• [DATA PROVIDED]:

+---+

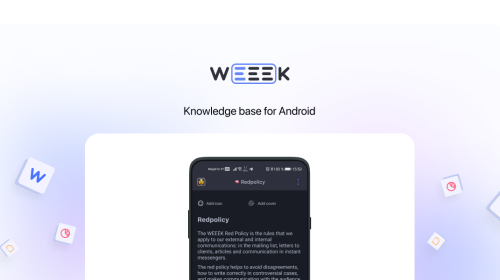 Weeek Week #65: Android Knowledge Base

+---+

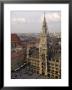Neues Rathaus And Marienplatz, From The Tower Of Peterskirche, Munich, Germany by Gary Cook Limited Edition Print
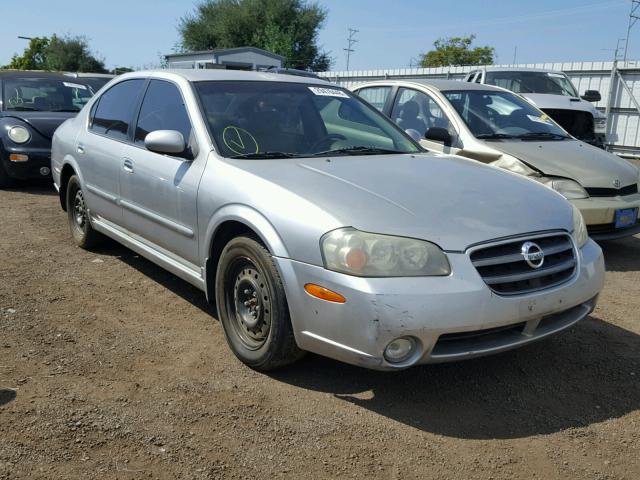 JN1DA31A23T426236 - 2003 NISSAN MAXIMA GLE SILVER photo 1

+---+

• [TASK DETAILS]:
From the material above, reproduce only what runs from the line holding "Neues Rathaus And" down to the line holding "JN1DA31A23T426236 - 2003", both included, pictures excluded.

• [WRITTEN SOLUTION]:
Neues Rathaus And Marienplatz, From The Tower Of Peterskirche, Munich, Germany by Gary Cook Limited Edition Print
 JN1DA31A23T426236 - 2003 NISSAN MAXIMA GLE SILVER photo 1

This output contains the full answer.